Technical information
- Licensing authority: FCC
- Facility ID: 34459
- ERP: 135 kW
- HAAT: 405 m (1,329 ft)
- Transmitter coordinates: 35°26′17.1″N 118°44′26.3″W﻿ / ﻿35.438083°N 118.740639°W

Links
- Public license information: Public file; LMS;
- Website: www.kget.com

= KGET-TV =

Television station in Bakersfield, California

KGET-TV (channel 17) is a television station in Bakersfield, California, United States, affiliated with NBC and The CW Plus. It is owned by Nexstar Media Group alongside low-power Telemundo affiliate KKEY-LD (channel 13). The two stations share studios on L Street in Downtown Bakersfield; KGET-TV's transmitter is located atop Mount Adelaide.

==History==

Logo used from 2012 until 2014.

Founded by businessman Ed Urner, channel 17 first broadcast on November 8, 1959, as KLYD-TV, an ABC affiliate. The station originally operated from studios located on Eye Street in Bakersfield. It was co-owned with KLYD-AM 1350 (now KLHC), and is one of very few TV stations to be started by a daytime-only radio station. Urner would sold the station to Dellar Broadcasting in 1962. The call letters changed to KJTV in 1969. Also that same year, the Dellars sold the station to Atlantic States Industries. On August 5, 1974, KJTV swapped affiliations with KBAK-TV (channel 29), becoming a CBS affiliate.
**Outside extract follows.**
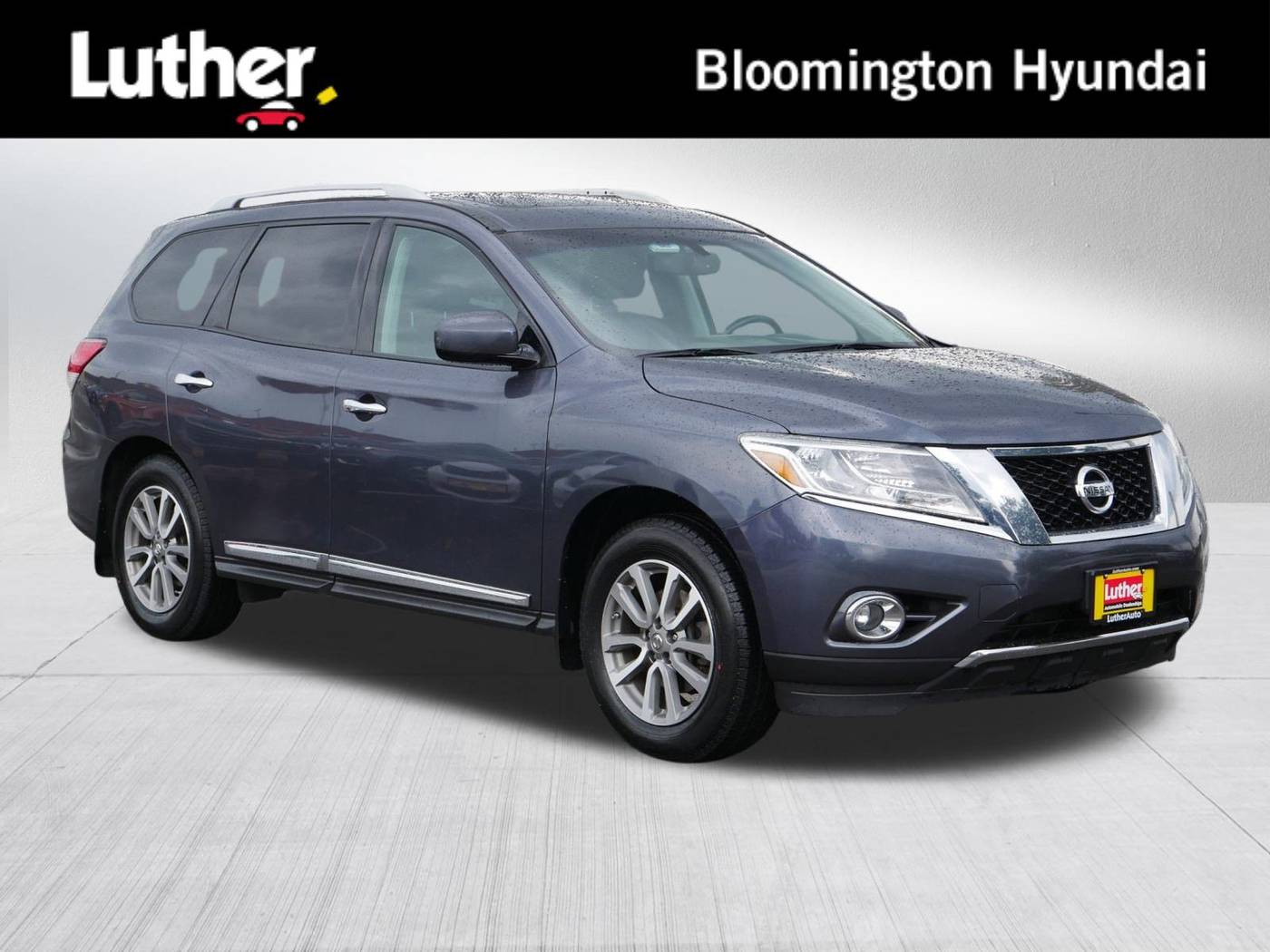 2014 Nissan Pathfinder SL — SUV — 129,903 mi — Bloomington, MN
George N. Gillett Jr.'s Gillett Broadcasting bought the station from ASI Communications in 1978. The station's call letters changed again to KPWR-TV on September 27, 1978, when it increased its power to 5,000,000 watts. The KJTV calls were then used on Fox affiliates in Amarillo and Lubbock, Texas. The Ackerley Group purchased the station in 1983. On February 1, 1984, the station changed its calls to the present day KGET, which added the "-TV" suffix in 2002, coinciding with an affiliation swap with KERO-TV (channel 23) to become Bakersfield's NBC affiliate a month later, an affiliation which continues to the present day. It is one of a handful of stations in the United States to have held a primary affiliation with all of the Big Three television networks. In 1997, Channel 17 decided to relocate from their original location on Eye Street to their current studios on L Street (in a building formerly owned by Pacific Bell). It was sold to Clear Channel Communications (now iHeartMedia) in 2001.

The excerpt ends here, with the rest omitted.